A checklist for creditors in assessing the legality of their credit application forms -

  1. The creditor must inform the person signing the document that the form imposes a suretyship obligation on the individual who signs the document. If the application form states in the heading "COMPANY CUSTOMER RECORD AND CREDIT APPLICATION FORM BETWEEN …" this in itself is misleading. If the creditor required that the document would also be a suretyship undertaking, the creditor must include such an indication in the heading of the application form.
  2. If the person signing the document understood that what was required of him in signing the form was a signature on behalf of the debtor i.e. the company, and such application form includes a personal suretyship, then by his signing the application he would have been misled. If the individual signing the document did not realise that the credit application contained a personal suretyship clause and did not expect it to, then he cannot be held bound by the suretyship contained therein. If the individual can categorically confirm that had he realised that the form contained a personal suretyship clause, he would not have signed the document, then that person can rely on the fact that he acted under a misapprehension in signing the credit application form.

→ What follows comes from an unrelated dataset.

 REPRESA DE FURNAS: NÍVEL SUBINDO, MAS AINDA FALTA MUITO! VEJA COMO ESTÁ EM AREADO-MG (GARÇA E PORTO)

  3. The creditor must ask the question as to whether a reasonable man would be misled in signing the document containing a suretyship undertaking or whether he would understand that he is doing so.

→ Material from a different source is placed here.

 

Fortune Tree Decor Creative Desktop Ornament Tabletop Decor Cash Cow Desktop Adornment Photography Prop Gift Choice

  4. The creditor must ensure that the point at which signature is requested on the form by the surety is preceded by a space for the capacity of the party signing the document. If this is not done, this further misleads the individual into thinking that he is signing a document in his representative capacity and not in his personal capacity. If a creditor intends that the person signing on behalf of a company be bound also as surety, it must provide for the signing by the individual in a dual capacity ie in a representative capacity and in a personal capacity. If there is no provision for two signatures with appropriate wording indicating the dual capacity, then the document is defective.
  5. The actual suretyship clause must be in capitals and in bold i.e. it must be highlighted. This clearly assists in alerting the signatory to the clause containing the suretyship. The suretyship clause must therefore be conspicuous. The manner in which the personal suretyship clause is included in the form must alert a signatory to the fact that he or she is undertaking a personal obligation.

All in all, the creditor must ensure that the individual signing the document containing a suretyship is not misled by the features of the credit application form. One must ask the question as to whether a reasonable man in the position of such person would be misled by signing such form. If the misrepresentation is material, the signatory would be entitled to rely on the Brink case and argue that the contract should be rescinded because of such misrepresentation and therefore the "surety" cannot be bound by the contract.

The content of this article is intended to provide a general guide to the subject matter. Specialist advice should be sought about your specific circumstances.